Problem :: Wherever a picture appears in the listing, leave it out, and copy the rest exactly.

Task input ::
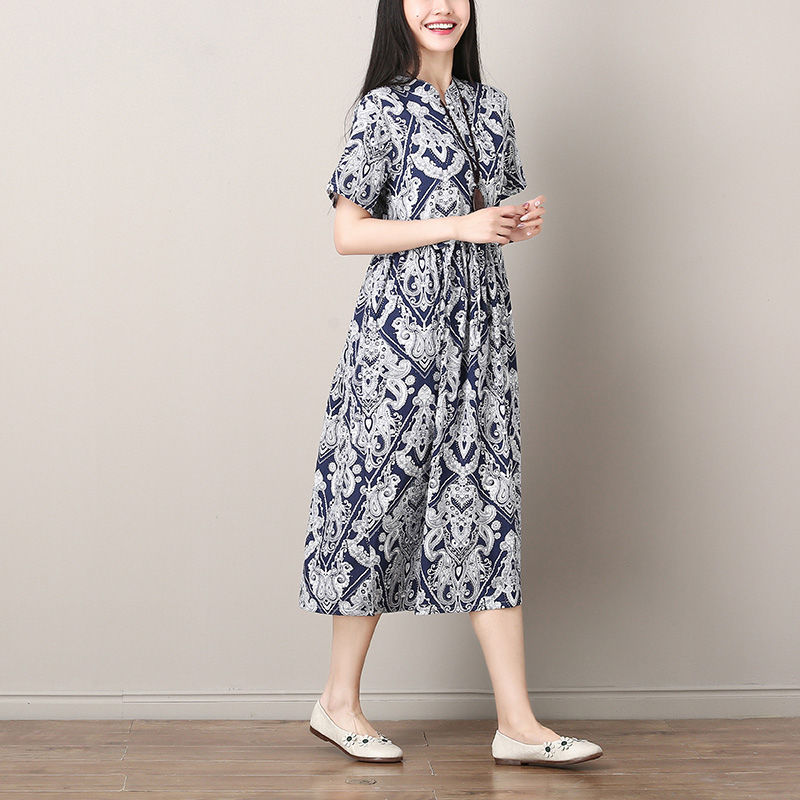 这样的连衣裙，超适合有气质的你，穿起来时尚有魅力还显气质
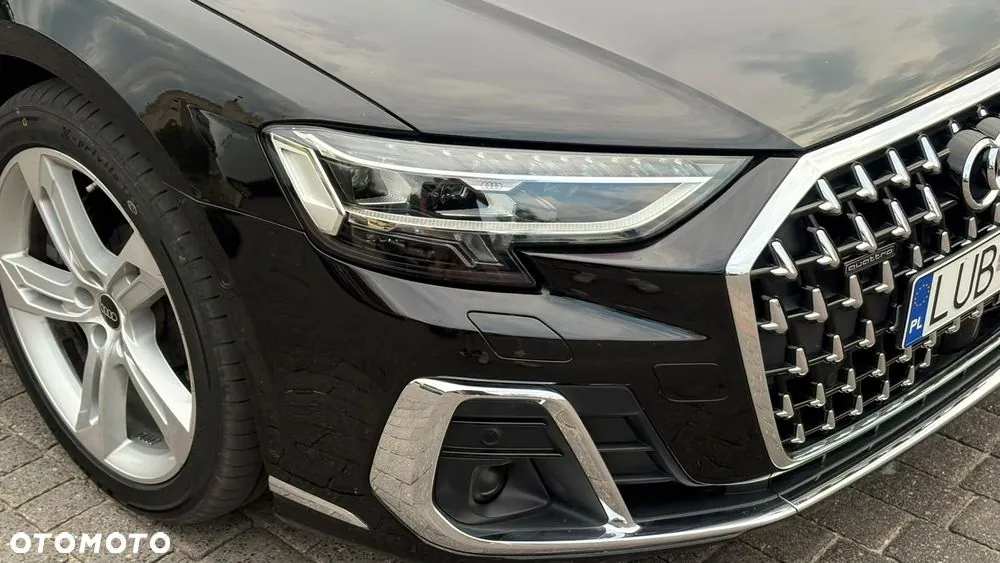 Audi A8 2022 photo 4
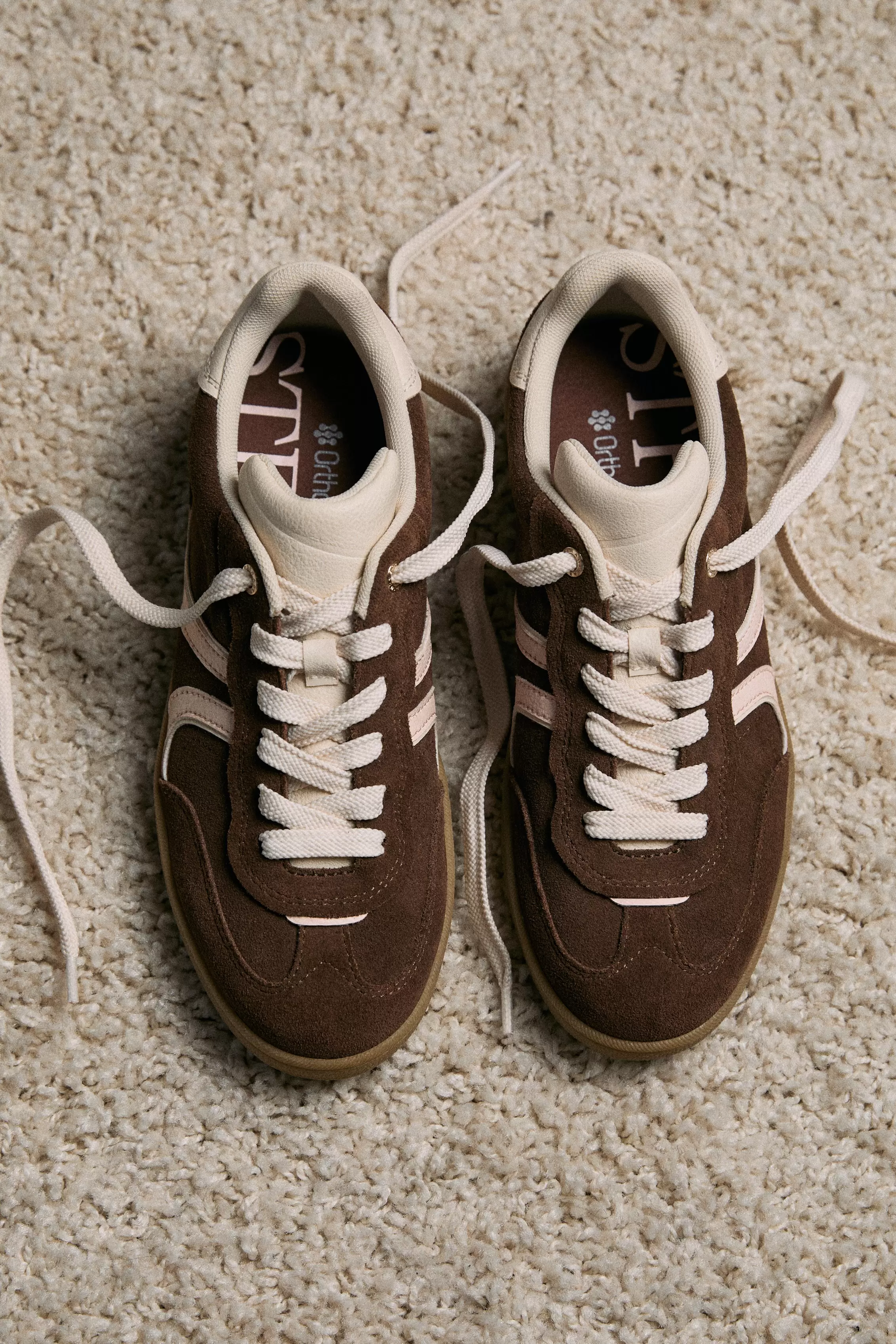 Zapatillas casual piel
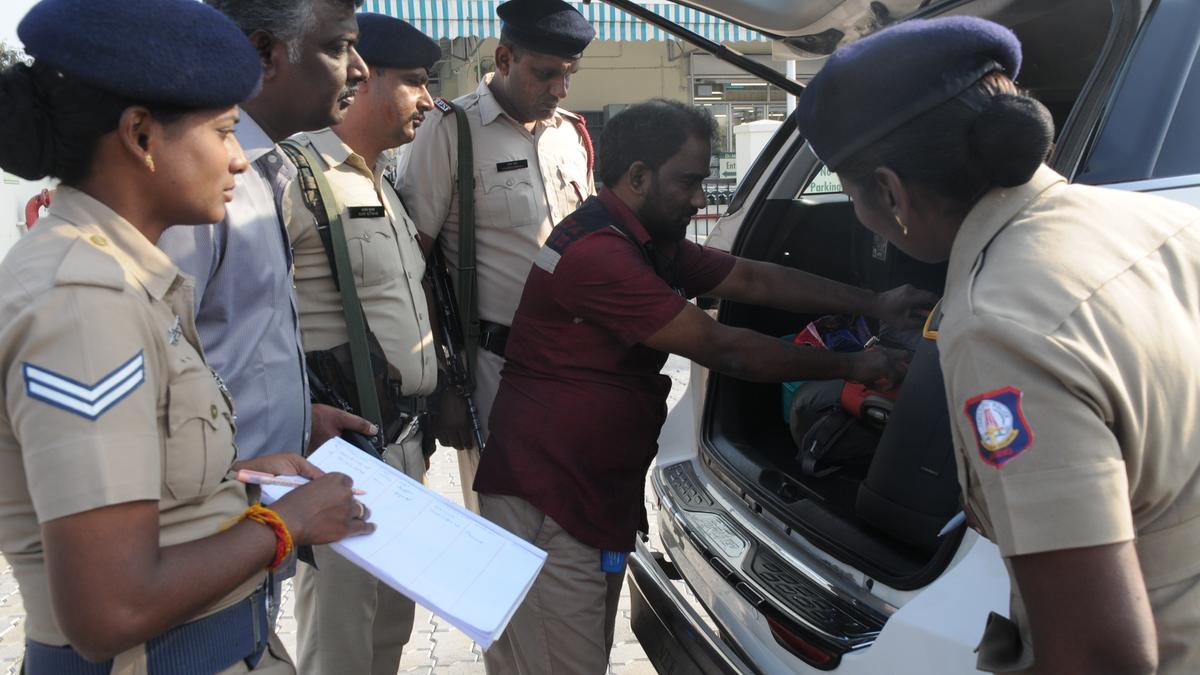 Erode (East) bypoll | Unaccounted for cash, liquor, worth over ₹65 lakh, seized so far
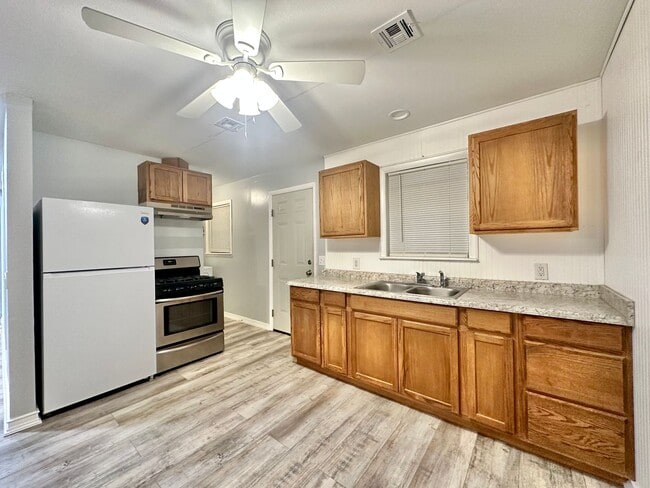 Building Photo - Charming 3 Beds 1 Bath-Muskogee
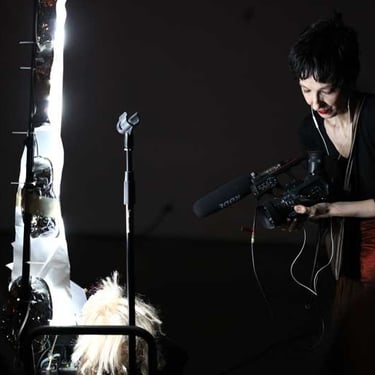 Any Tingay à la caméra | Votre enfant n'a qu'un oeil | Photo Bernard Bousquet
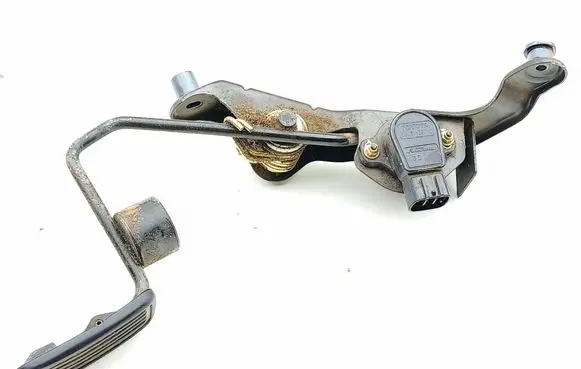 Toyota RAV 4 (XA20) Accelerator throttle pedal 8928133010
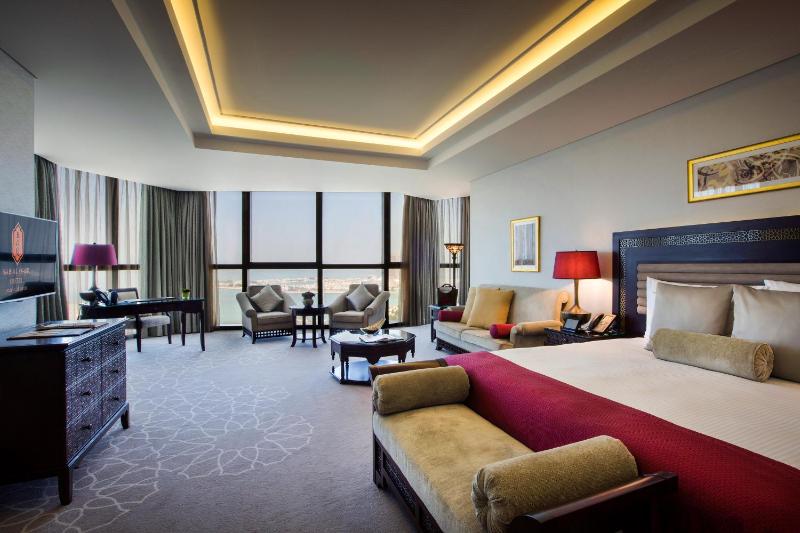 Junior King Suite with Palace View image 4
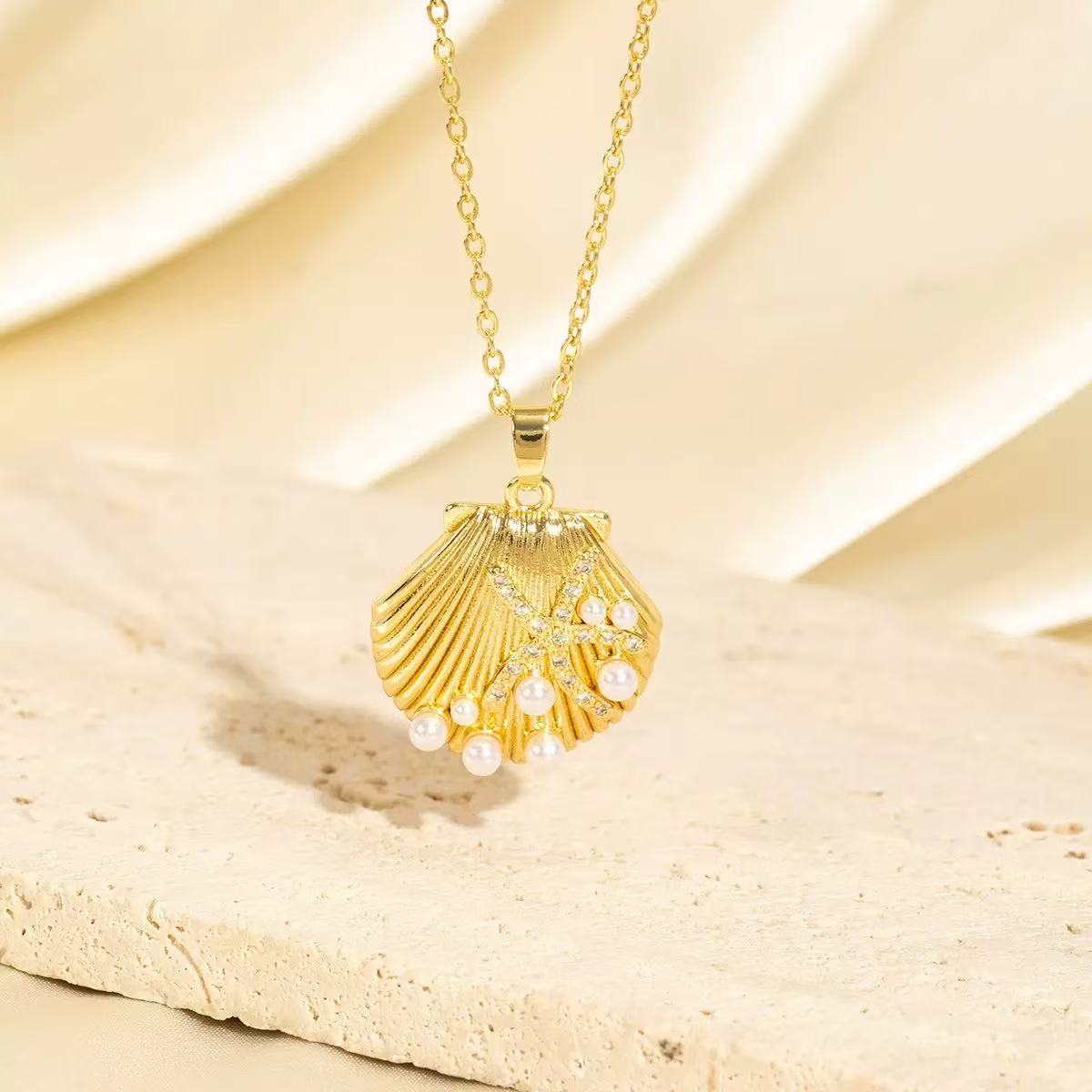 Ocean Series Copper Gold Plated Crab Pearl Zircon Necklace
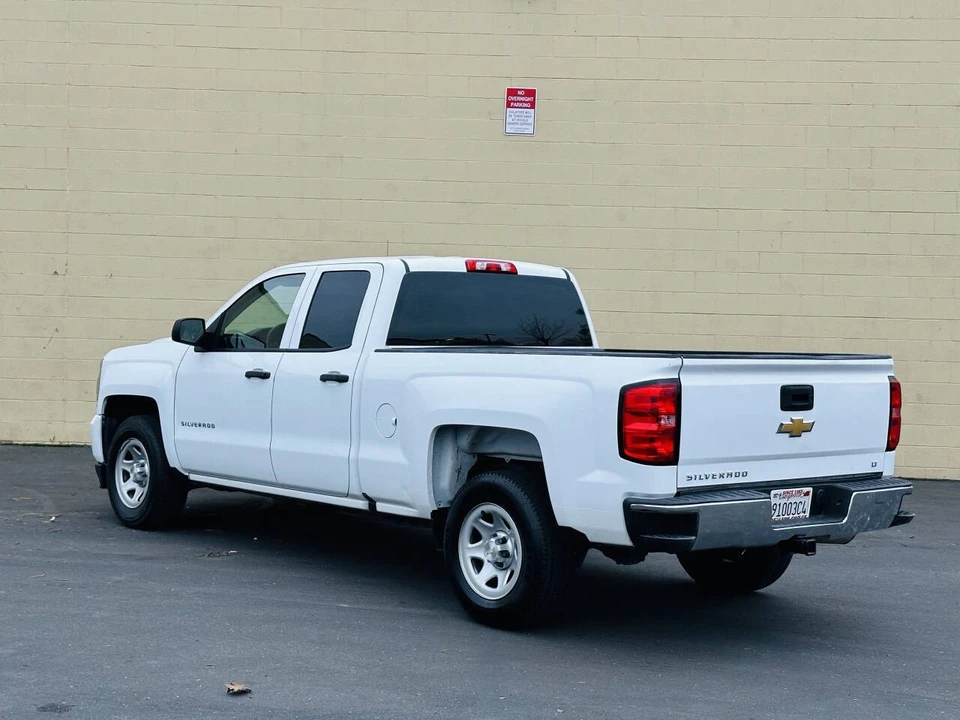 2017 Chevrolet Silverado 2nd Gen - Image 5 of 18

Response ::
 这样的连衣裙，超适合有气质的你，穿起来时尚有魅力还显气质
 Audi A8 2022 photo 4
 Zapatillas casual piel
 Erode (East) bypoll | Unaccounted for cash, liquor, worth over ₹65 lakh, seized so far
 Building Photo - Charming 3 Beds 1 Bath-Muskogee
 Any Tingay à la caméra | Votre enfant n'a qu'un oeil | Photo Bernard Bousquet
 Toyota RAV 4 (XA20) Accelerator throttle pedal 8928133010
 Junior King Suite with Palace View image 4
 Ocean Series Copper Gold Plated Crab Pearl Zircon Necklace
 2017 Chevrolet Silverado 2nd Gen - Image 5 of 18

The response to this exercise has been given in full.